Frommeyer: Wir beziehen den Kakao für unsere Schoko-laden vor allem aus der Dominikanischen Republik und São Tomé e Príncipe, aber auch aus Peru, Bolivien, Madagaskar, Togo und Uganda. Wir handeln mit den Kooperativen direkt. Und wir bezahlen ihnen einen Preis, der aufgrund einer Bio- und Fairhandelsprämie immer über dem Weltmarktpreis liegt. Das ist wie eine Boje, die immer auf dem Wasser schwimmt, selbst wenn der Pegel steigt. In Zeiten niedriger Weltmarktpreise zahlen wir den Genossenschaften einen Preis, der nie unter 3.500 US-Dollar pro Tonne Bio-Kakao fällt. Das gibt Kleinbauern-familien eine Planungssicherheit, die Erzeuger für den konventionellen Markt nicht haben.

  • E&W: Lange lagen die Preise für die Tonne Rohkakao -unter 3.000 US-Dollar, jetzt erfahren sie seit Monaten ein nie dagewesenes Hoch. Was sind die Ursachen?

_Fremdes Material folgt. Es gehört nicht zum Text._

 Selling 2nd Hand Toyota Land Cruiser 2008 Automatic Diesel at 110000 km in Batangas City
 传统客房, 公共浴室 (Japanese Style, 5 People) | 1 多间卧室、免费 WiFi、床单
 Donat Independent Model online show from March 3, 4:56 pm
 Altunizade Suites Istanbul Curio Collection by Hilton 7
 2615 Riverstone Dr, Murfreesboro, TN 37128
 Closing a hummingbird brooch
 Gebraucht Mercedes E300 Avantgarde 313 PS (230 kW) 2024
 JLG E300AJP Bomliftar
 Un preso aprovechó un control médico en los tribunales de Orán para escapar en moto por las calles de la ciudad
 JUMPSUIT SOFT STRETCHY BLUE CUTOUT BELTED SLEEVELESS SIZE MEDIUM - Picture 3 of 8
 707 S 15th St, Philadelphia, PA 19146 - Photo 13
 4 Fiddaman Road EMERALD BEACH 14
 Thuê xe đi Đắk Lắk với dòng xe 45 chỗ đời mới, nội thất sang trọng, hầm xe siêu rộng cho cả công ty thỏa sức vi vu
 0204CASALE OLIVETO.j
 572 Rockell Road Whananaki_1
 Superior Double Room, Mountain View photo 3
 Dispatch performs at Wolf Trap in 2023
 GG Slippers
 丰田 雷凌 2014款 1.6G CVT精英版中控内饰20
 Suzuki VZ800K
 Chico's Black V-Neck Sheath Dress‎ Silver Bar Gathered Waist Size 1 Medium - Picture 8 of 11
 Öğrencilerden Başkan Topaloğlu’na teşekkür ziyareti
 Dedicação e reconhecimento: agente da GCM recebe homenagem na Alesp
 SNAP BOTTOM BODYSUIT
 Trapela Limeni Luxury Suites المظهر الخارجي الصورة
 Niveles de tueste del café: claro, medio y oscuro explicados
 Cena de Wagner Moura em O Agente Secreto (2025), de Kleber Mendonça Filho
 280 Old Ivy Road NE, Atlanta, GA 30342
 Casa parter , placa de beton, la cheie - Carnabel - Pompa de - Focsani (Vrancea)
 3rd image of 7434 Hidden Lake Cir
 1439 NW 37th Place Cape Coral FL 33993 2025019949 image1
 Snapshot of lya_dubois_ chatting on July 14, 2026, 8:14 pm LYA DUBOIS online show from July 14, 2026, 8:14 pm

Frommeyer: Knappheit, vor allem durch Ernteeinbrüche und Pflanzenkrankheiten als Folge der Klimakrise. Aber auch, weil Börsianer mit dem Rohstoff Kakao spekulieren. Deswegen erleben wir zurzeit eine Achterbahnfahrt mit Schwankungen zwischen 6.000 und 12.500 US-Dollar pro Tonne.

  • E&W: Vor zehn Jahren warb Gepa damit, dass 82 Prozent des Rohstoffpreises bei den Kakaobauern landen. Ist das bis heute so?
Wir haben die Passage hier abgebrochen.